- **TASK**
Beginning with the first line, retype exactly the records below up to and including the line with "New 2025 Jeep"; pictures do not belong in the copy.
Start of INPUT RECORDS
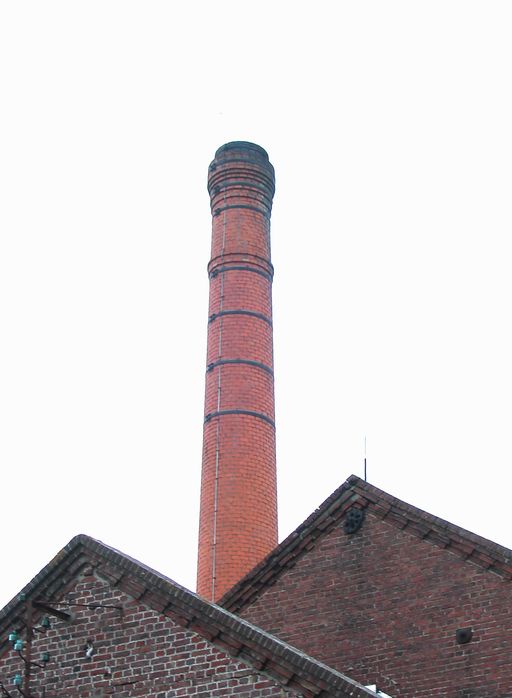Ancienne sucrerie de betteraves Massignon et Dufour, devenue usine de matériel agricole Robart, puis scierie Petit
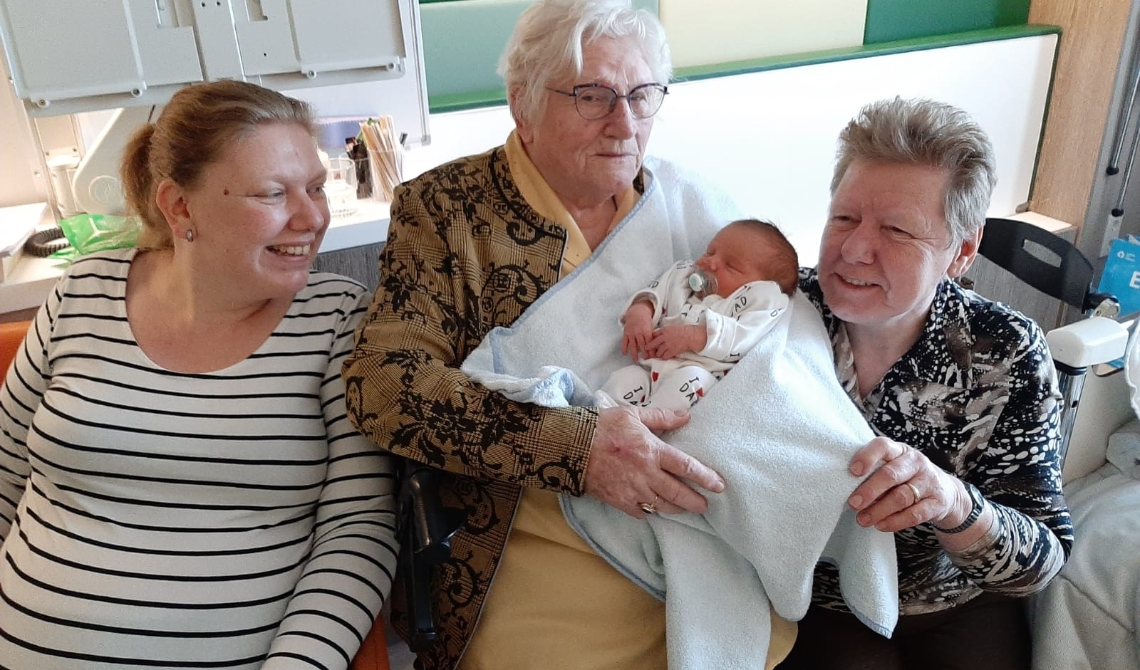Hier zit Jo met kleine Lieke in haar armen.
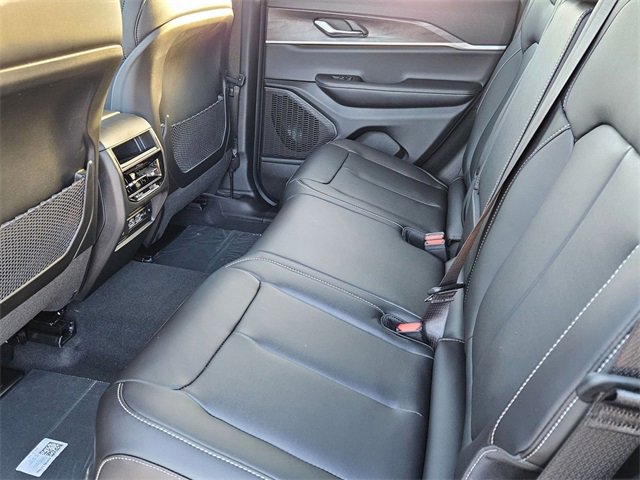 New 2025 Jeep Grand Cherokee Limited w/ Black Appearance Package image 23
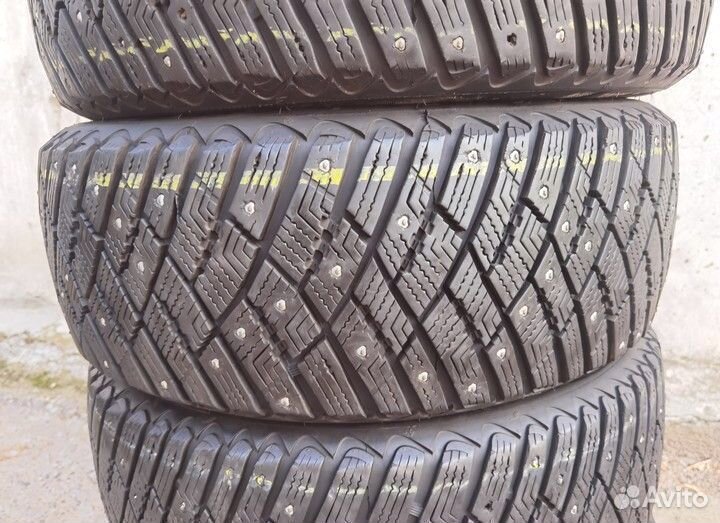Goodyear Ultragrip Ice Arctic 205/55 R16 94T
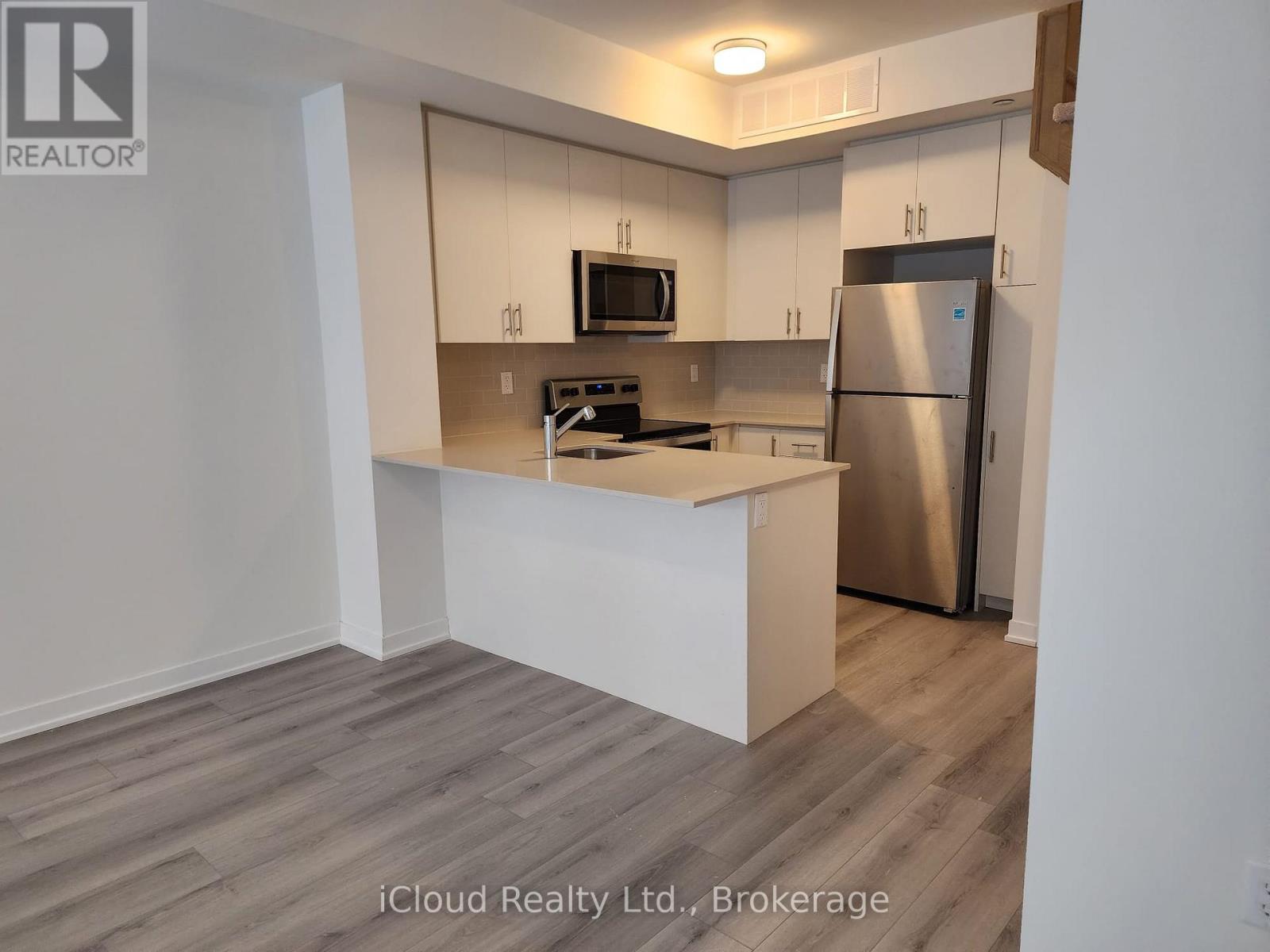 14 - 3415 Ridgeway Drive, Mississauga, Ontario  L5L 0B9 - Photo 9 - W12987604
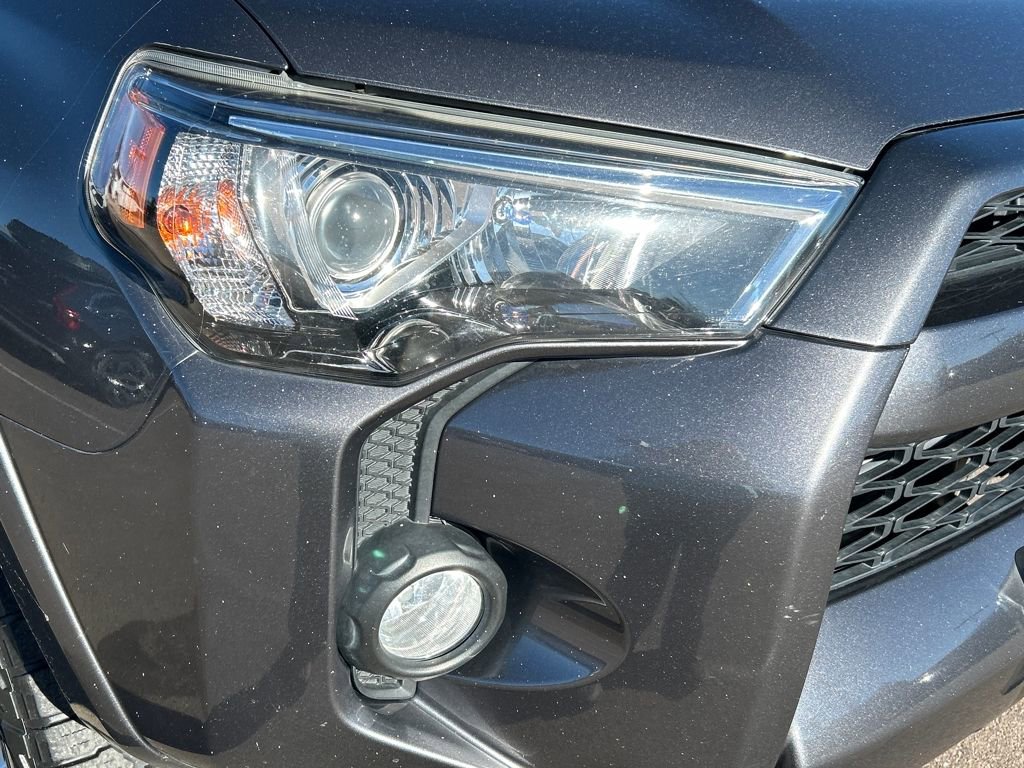 Used 2019 Toyota 4Runner SR5 Premium image 5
End of INPUT RECORDS
- **WRITTEN RESPONSE**
Ancienne sucrerie de betteraves Massignon et Dufour, devenue usine de matériel agricole Robart, puis scierie Petit
Hier zit Jo met kleine Lieke in haar armen.
 New 2025 Jeep Grand Cherokee Limited w/ Black Appearance Package image 23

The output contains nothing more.